Reescalonar os pagamentos da dívida externa brasileira pode não ser o pandemônio temido pelos mais histéricos. Talvez nem mesmo o FMI (Fundo Monetário Internacional) fizesse oposição a uma estratégia capaz de jogar um pouco dos custos da crise sobre os ombros do setor privado. É o que se entende da leitura de um dos mais importantes documentos escritos recentemente por Stanley Fischer, economista do MIT (Massachusetts Institute of Technology) e segundo homem na hierarquia do FMI.
O trabalho, apresentado no início do ano na reunião da Associação dos Economistas Americanos, está disponível na Internet:
(www.imf.org/external/np/ speeches/ 1999).
O texto avalia e sugere a transformação do FMI num emprestador de última instância. Esse é um conceito que se discute pelo menos desde o início do século 19. Trata da necessidade de um banco central dar mais crédito a uma economia exatamente quando nenhum banco privado está disposto a emprestar. Ou seja, quando o sistema financeiro mergulha numa espiral de pânico.
Os mercados de capitais internacionais têm seguido a mesma lógica de fuga em massa de riscos reais ou imaginários. Se nenhuma instituição com poder global entra como emprestador de última instância, criam-se círculos viciosos, profecias auto-realizáveis.

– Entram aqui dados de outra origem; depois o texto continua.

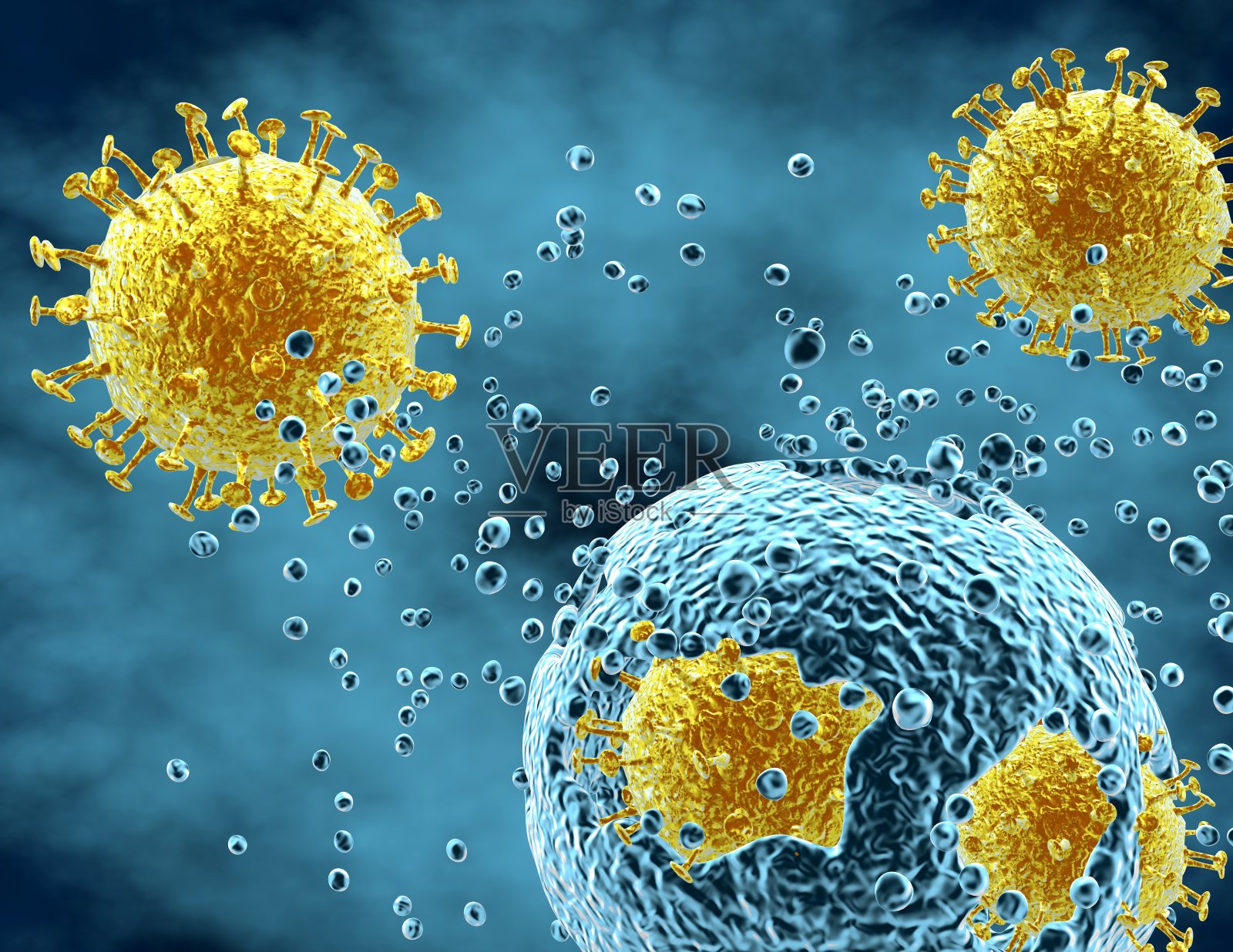 病毒感染性疾病攻击细胞抽象概念说明。照片摄影图片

A fuga de capitais asfixia o país devedor, que, sem crédito e perdendo reservas, fica impossibilitado de honrar os compromissos externos. A percepção das dificuldades leva os investidores a uma retração ainda maior, perpetuando a fuga e provocando um colapso final. Só uma injeção de liquidez suficientemente forte pode quebrar o círculo vicioso, restaurando a credibilidade na capacidade de pagamento do país endividado.

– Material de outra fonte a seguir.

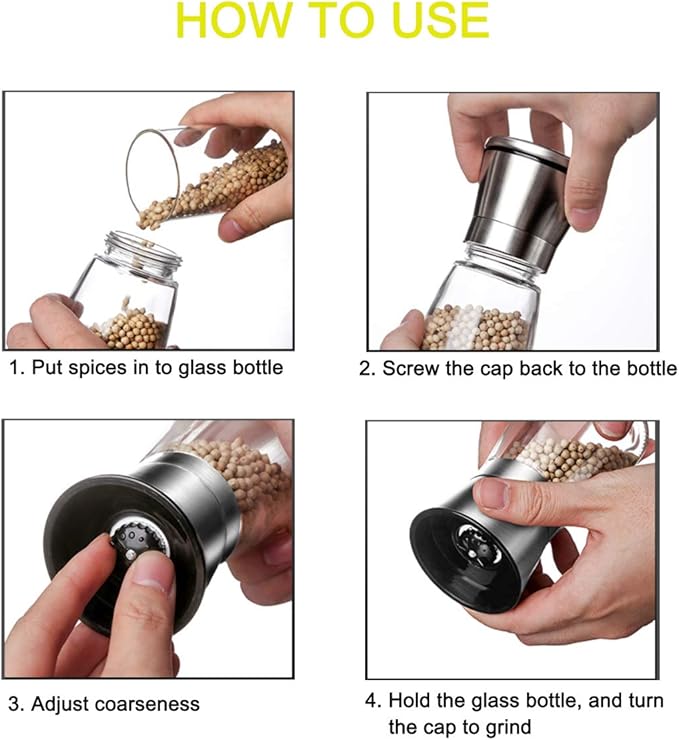 Salt and Pepper Grinder Set of 2, Premium Stainless Steel Spice Mill with Adjustable Coarseness, Ceramic Blades, Refillable Glass Body with 60Z capacity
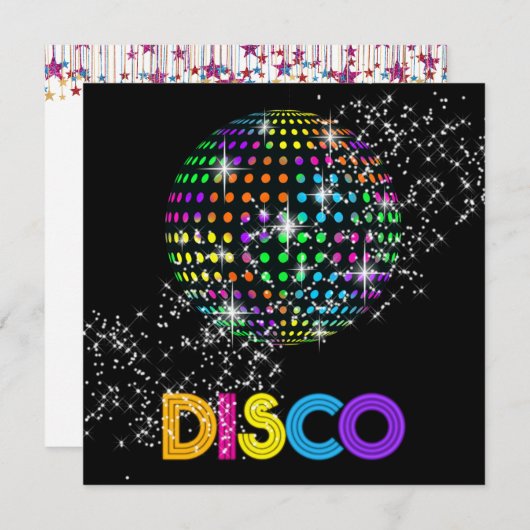 更新 – DISCOパーティー- SRF 招待状 (正面/裏面)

Ao discutir uma possível conversão do FMI em emprestador global de última instância, Fischer reconhece que o setor privado tem um papel limitado na solução das crises. Mas o técnico abre uma brecha para a hipótese, sugerida em um relatório do G-10, de modificação nos contratos de dívida externa, prevendo o reescalonamento de pagamentos em uma situação de crise.
De modo geral, acrescenta Fischer, "cláusulas sobre representação coletiva e decisões de credores por maioria deveriam ser incluídas" nesses contratos, para facilitar novos acordos em momentos de crise.
Finalmente, ele retoma a proposta apresentada por Jeffrey Sachs, de atrasar pagamentos externos, impondo formalmente uma suspensão de pagamentos pelo país em crise.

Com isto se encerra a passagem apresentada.